It's not just like as you've thought about energy storage in the past. We've always thought about it as something plus energy storage. I think energy storage is going to become a critical enabler for a more flexible, a stronger, more resilient grid. How do we do that as a company? You know, we have a differentiated technology. When you think about the core battery, you know, we're not a battery company, though. You know, we have a very simple system. We've looked at our system and really gone through here over the past couple of years on part elimination, system design, simplifying what goes out in the field, allowing the system to operate flexibly with reliability, and on top of that, we're putting digital capabilities.
We're putting a software business on top of this core product and system business to be able to operate the product flexibly and give the customers the flexibility that they need to utilize the asset, and ultimately, you know, where our shareholders get returns is when our customers get returns on the product, and this is how we'll win as we look forward.
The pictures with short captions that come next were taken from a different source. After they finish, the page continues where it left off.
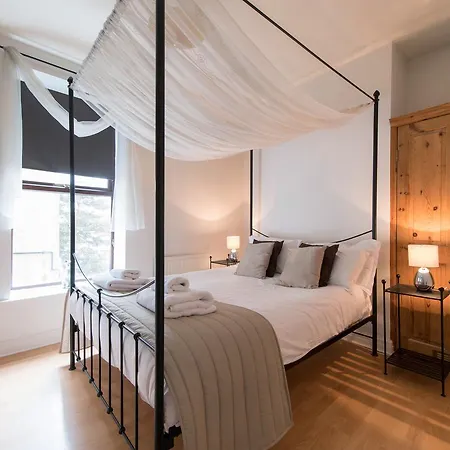 Appartamento Holidays Suites *
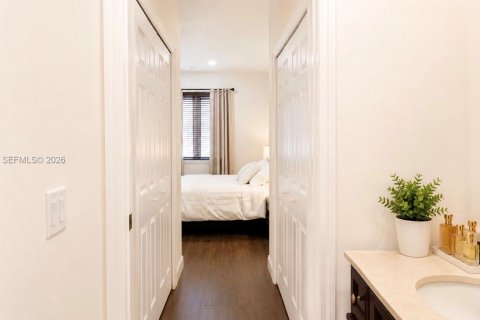 Купить кондоминиум в Майами, Флорида 3 спальни, 124.49м2, № 2087020 - фото 17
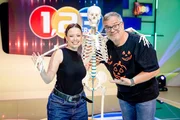 Fledermäuse, Vampire und Gruselfaktor! Passend zu Halloween zeigt Make-up Artistin Lilian Rüter, wie man gruselig wirkende Wunden schminken kann. Fledermäuse, Vampire und Gruselfaktor! Passend zu Halloween zeigt Make-up Artistin Lilian Rüter, wie man gruselig wirkende Wunden schminken kann.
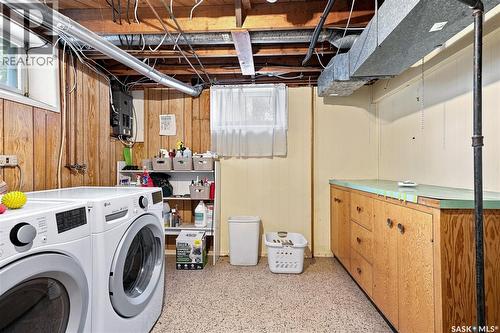 301 Cascade Street, Saskatoon, SK - Indoor Photo Showing Laundry Room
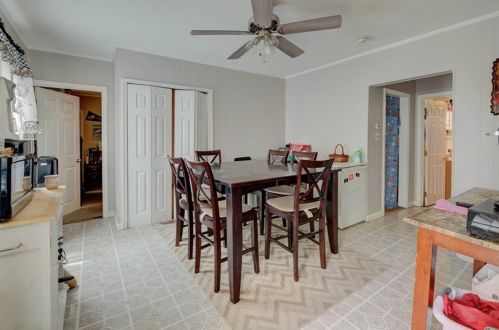 43 5 Ave, Woonsocket RI 02895-5019 exterior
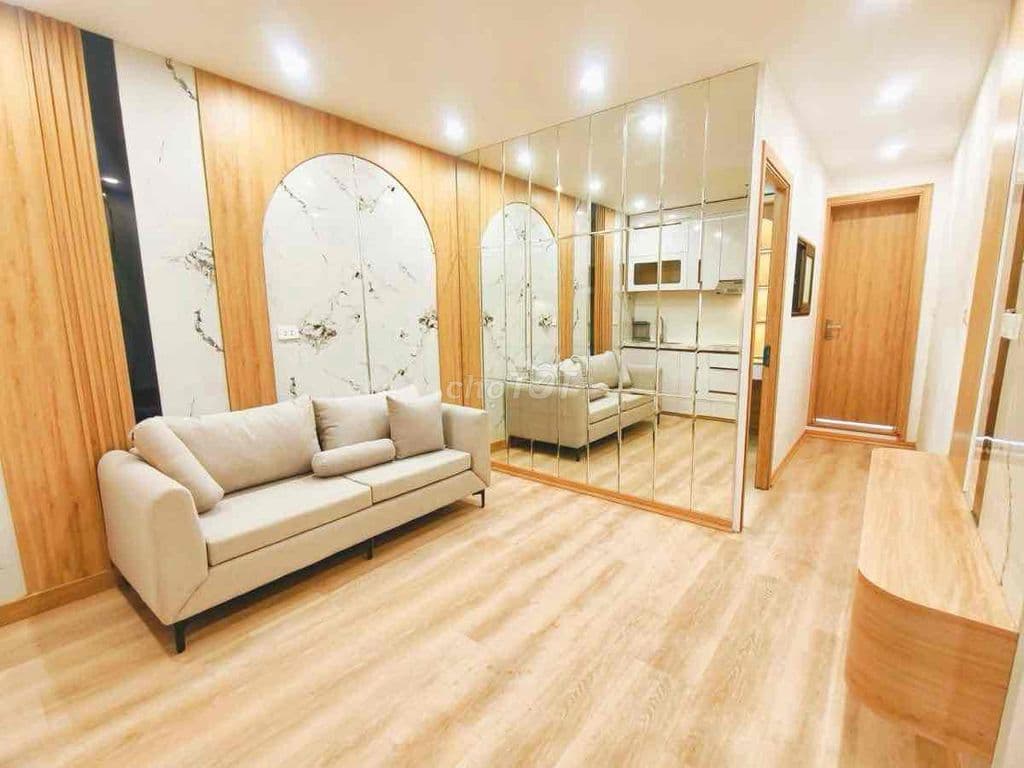 TT Quỳnh Lôi, ô tô tránh, 2 thoáng, sân rộng, 60m2, 2PN đầy đủ nội thấ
Those are the three legs that really position the company for growth in the future. You know, how do we grow? You know, we are a very capital-efficient company when you think about putting in manufacturing capacity, the cost of that capacity. You know, we've gone through a couple of learning curves, which I'll talk about in a moment.
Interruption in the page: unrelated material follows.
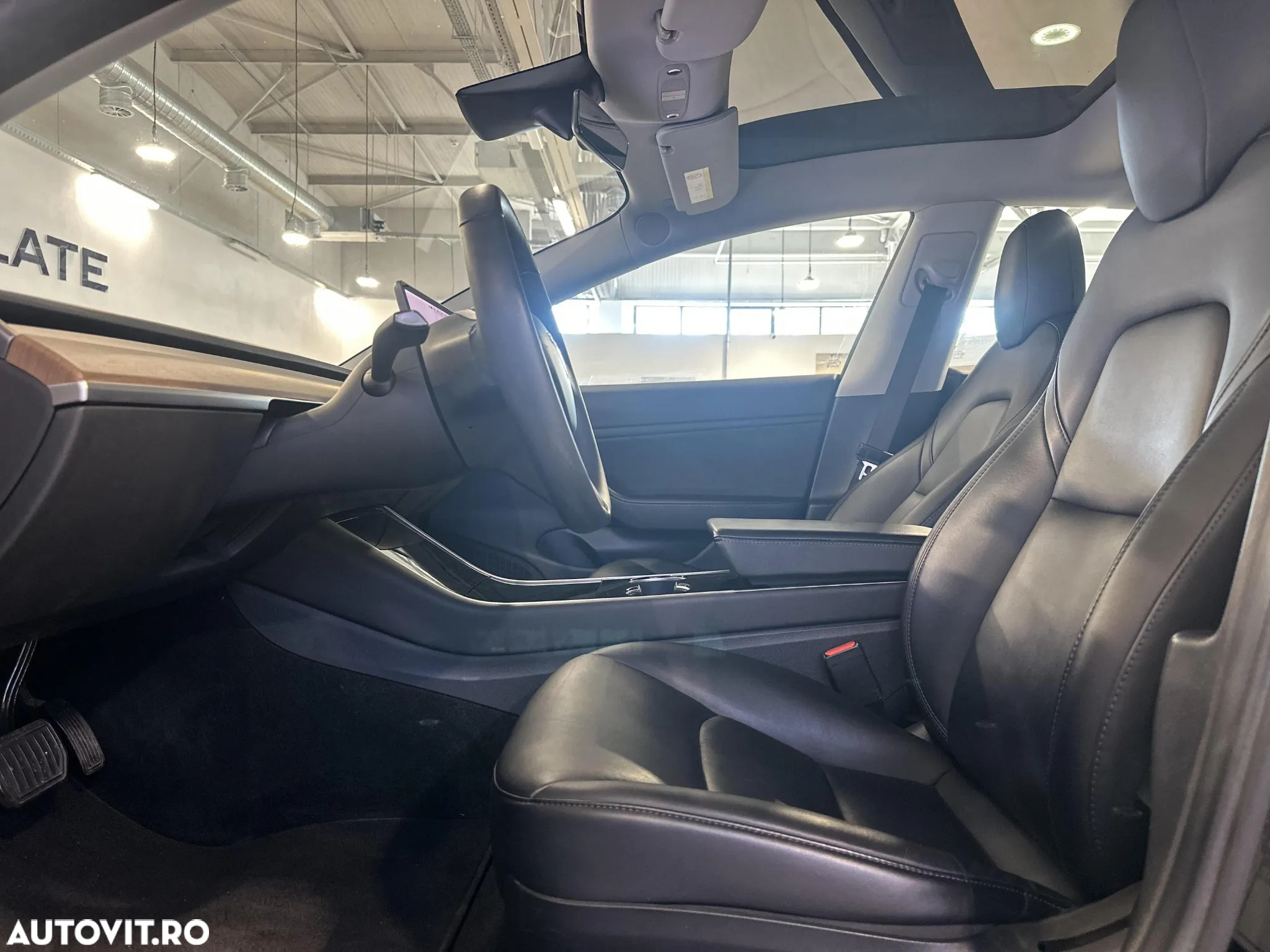 Tesla Model 3 - 20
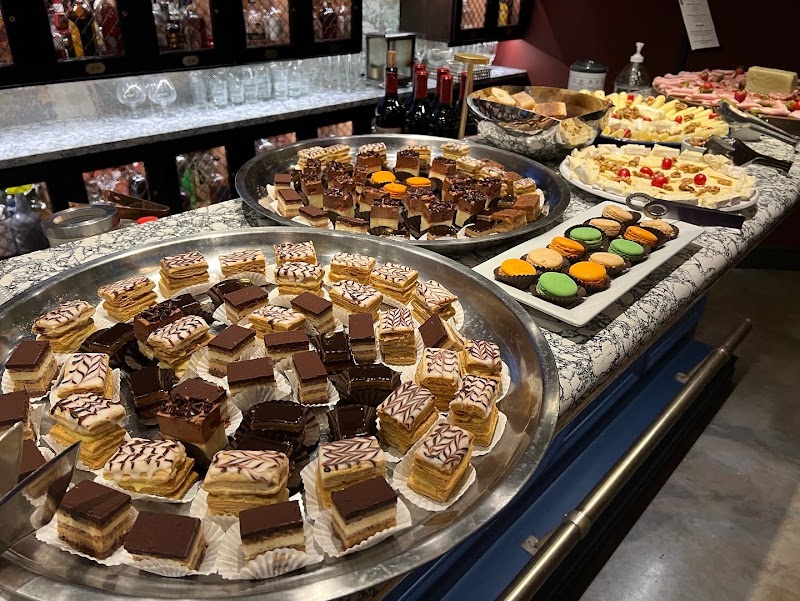 Mademoiselle Paris - French restaurant and bakery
But when you really think about how we designed our manufacturing system, how we thought about and really learned as we went and then automated, and now we're ready to expand as we have a system that's up and running, that then allows us to invest less capital for the capacity to grow. And at the same time, you've got a product that has a very low cost entitlement. You know, these are core commodities that are used every day around the world in other industries. There's no rare earths. There's no special materials in this. These are things that you find in daily use of what we do every day goes into becoming a battery. I think what the technology team has done with that product differentiation is come up with a safe product that you can go out and source and expand and grow.
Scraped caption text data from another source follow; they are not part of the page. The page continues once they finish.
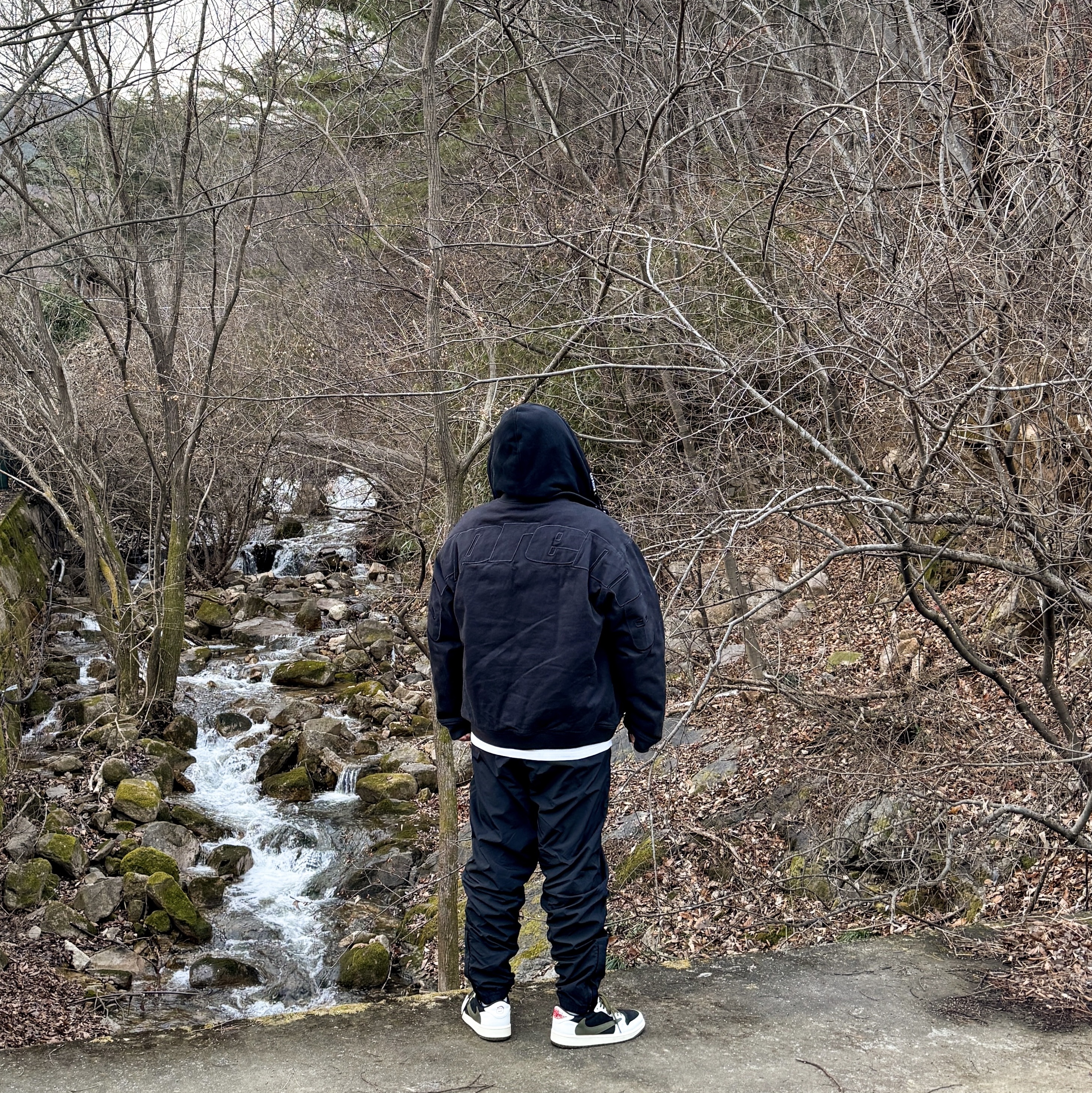 (W) Jordan 1 x Travis Scott Retro Low OG SP Medium Olive, Supreme Hooded Twill Varsity Jacket Black - 22SS 착용 스타일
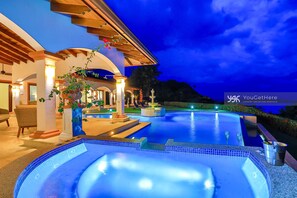 Piscine extérieure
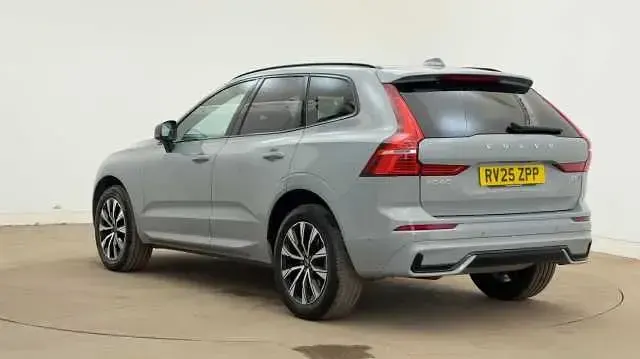 Usado Volvo XC60 Plus 247 HP (181 kW) 2025 Cinzento SUV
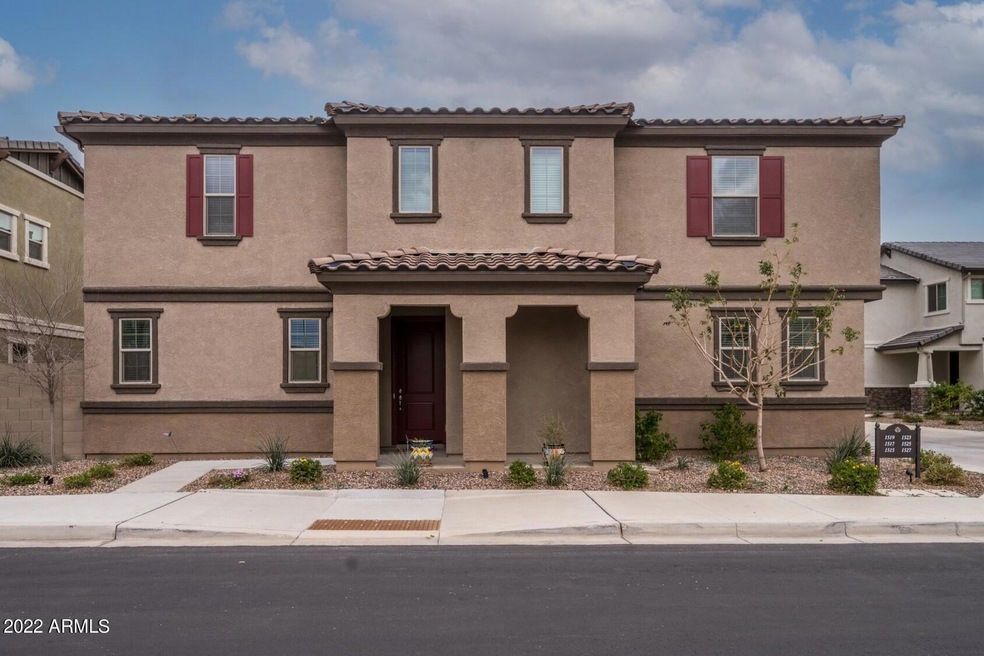 4 bed + Loft, 3 Bath Home in Gilbert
And now that we're able to position the company, and I'll leave, you know, talking about how we do this middle piece of why we will grow, you know, we now have the capital and the partnership to be able to do that. You know, both the Cerberus investment in the company and the closing of the Department of Energy LPO loan, the Title 17 loan, has positioned this company to be able to go after how we'll win with the strategy over time and deliver that profitable growth that we expect and that profitable growth that comes off of our customers being able to use the assets that they install in the field to deliver returns. So if we go to this next page, just quick backdrop here for people new to the story.
You know, Eos, you know, we are, you know, I like to call us America's battery. You know, this is a company that the product was invented with American minds. It's built with American hands using American raw materials. You know, our supply chain is above 90% sourced in the United States on an American-made manufacturer. So this truly is, you know, we believe we're at the forefront of the American manufacturing renaissance and at the forefront of America being able to continue to lead in the energy space. Our product is a zinc aqueous electrolyte-based chemistry. Think of our electrolyte as being very similar to what's used in horizontal drilling in the oil and gas industry. It's a safe product. As I said before, there's no rare earths. It's fully recyclable at the end of its useful life.
I think a lot of times we want to think about the next quarter, the next year of how we deliver. But we've also thought about what does this look like in the next decades as the product is done operating after 20 to 30 years. We thought about the footprint that we would leave behind given what we're doing today. And our product is fully recyclable. It's non-flammable. There's no fire risk as it relates to the product. As I said, it's U.S. designed and manufactured with 90%. And it's military-grade, secure, and NDAA compliant, which is very important. I think you saw us last year announce closing an order for Camp Pendleton in California, which we're very proud of. And we feel like we can also help as the military looks to power its future.
I think Eos could be a key partner in that given the way that we've designed and built our product. Our pipeline continues to grow, $14 billion. You know, that's 50 GWh of opportunities that continues to churn and grow as we move forward. You know, we've got an orders backlog approaching $600 million. And I think most importantly there is on the right-hand side, you know, we've discharged 4.4 GWh of energy off of our systems out in the field. So it's becoming a field-proven technology. We've learned as we've grown and we learned and continue to take that 4.4 GWh of field operations and really use that to come up with how we use our software to make the assets more reliable, more efficient, and more flexible as we move forward.
I think one of the things we're proud of that happened last year was we were one of five U.S. companies and one of two alternate battery technology companies that was selected by Bloomberg New Energy Finance as a Tier 1 supplier. So it just shows the work that the team has been doing in building the company and positioning the company for what the world needs to power its future. I'm very proud to be part of that team. Just quick on history and evolution for those, again, just to give an update. You know, the company was founded in 2008. You know, we started shipping test systems in 2014. We developed a product in 2017. I joined the company in 2018 to help take that product to scale.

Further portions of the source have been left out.